Wall Street declined. In 12.44pm New York trading, the Dow Jones Industrial Average fell 0.3 per cent, while the Nasdaq Composite Index shed 0.5 per cent. In 12.28pm trading, the Standard & Poor's 500 Index declined 0.5 per cent.
Declines in shares of Caterpillar and those of DuPont, last down 3 per cent and 2.6 per cent respectively, led the drop in the Dow.
"We are still in the process where we're trying to find the bottom and I don't think we are there yet," Ralf Zimmermann, a strategist at Bankhaus Lampe in Dusseldorf, Germany, told Bloomberg. "There had been, with the recent rebound, some optimism that we were out of the woods. The Chinese trade data is a reminder that the path for the business cycle ahead is pretty rocky and bumpy."
In Europe, the Stoxx 600 Index finished the session with a 1 per cent decrease from the previous close, led by a drop in mining stocks. The UK's FTSE 100 Index, France's CAC 40 Index, and Germany's DAX Index all ended the day with a slide of 0.9 per cent from the previous close.

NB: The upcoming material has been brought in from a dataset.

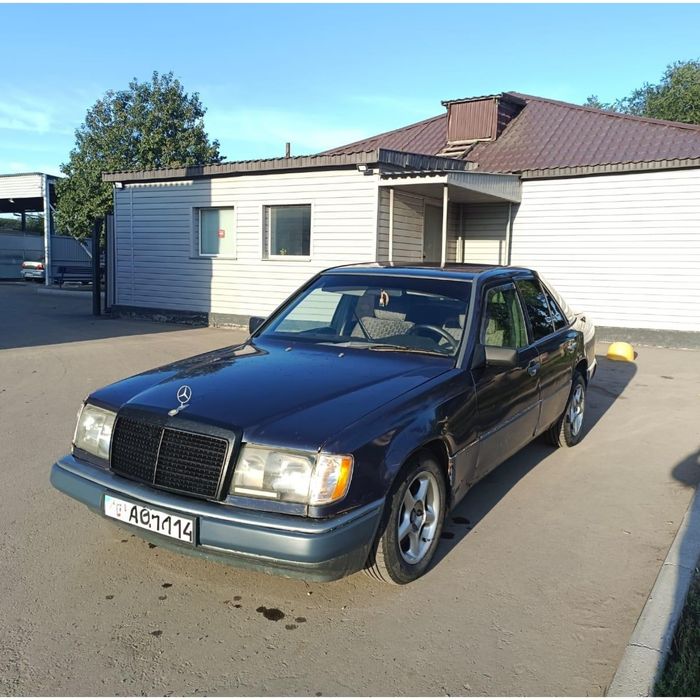 Продам Мерседес 260Е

Oil prices also declined amid concern that an agreement about curtailing production between major producers might prove tough to negotiate. Kuwait said it would freeze output only if all major producers including Iran agreed to participate.
Meanwhile, Goldman Sachs warned the recent rally was unsustainable.
Rising oil prices "simply are not sustainable in the current environment", Reuters reported, citing the Goldman Sachs report.
The energy market "needs lower prices" to keep US shale producers from ramping up output, Goldman said in the report, according to Reuters. Otherwise, "an oil price rally will prove self-defeating, as it did last spring."